Why do some couples look alike? Science has two explanations
It seems the age-old belief that married couples look alike might actually be true. Here we look at two possibilities, according to science.
You look like each other to begin with
It’s no secret that most people marry someone who has similar characteristics to them – like religion, age, race, education, income and body type. It’s not difficult to understand why that’s the case but scientists have also found we’re attracted to people who look like ourselves or our parents. In a 2010 study published in Personality and Social Psychology Bulletin, participants were shown pictures of strangers which were preceded by a short glimpse of either their parent or a stranger. Participants who saw the glimpse of their parent before the target picture were more likely to assign higher ratings of attractiveness to the person in the target picture.In a second experiment, a picture of the stranger was morphed together with a picture of the participants themselves or a picture of another stranger. The study participants rated the portrait of the amalgamation of a stranger and themselves as more attractive than the other.
Another 2013 study, published in Psychological Science, found that we tend to trust people who look similar to us. The scientists from the Royal Holloway University note “our perceptions of similarity between us and others extend beyond objective physical characteristics, into the specific nature of social interactions that we have.” In other words, it’s a way for us to monitor genetic relatedness and “evidence of trust in others also serves as a cue to kinship.”

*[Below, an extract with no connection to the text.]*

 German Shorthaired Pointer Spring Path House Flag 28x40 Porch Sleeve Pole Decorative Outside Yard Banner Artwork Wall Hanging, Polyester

You share the same experiences
In a landmark 1987 study of “facial likeness”, psychologist Robert Zajonc of the University of Michigan, asked participants to match photographs of men and women based on their facial similarity. Two dozen of the photographs were of couples when first married and another two dozen were of the same couples 25 years later. The study participants found only a chance similarity between the young couples but saw definite resemblances when couples had been married a quarter of a century. In many cases the similarities were not dramatic – some involved subtle shifts in facial wrinkles and other facial contours – but they were marked enough that the participants were able to match husband and wife more often when they were older than when they were newlyweds. Zajonc’s study also found couples with the happiest marriages had the greatest facial resemblance.
Zajonc proposed that a long life together of shared experiences shaped the face. He believed people, often unconsciously, mimic the facial expressions of their husband or wife, in empathy and that over the years of sharing the same expression, their faces would look similar. For example, if one partner often smiles in a particular way, the other is likely to unconsciously mimic it which would create similar patterns of lines and alterations of muscles on the face.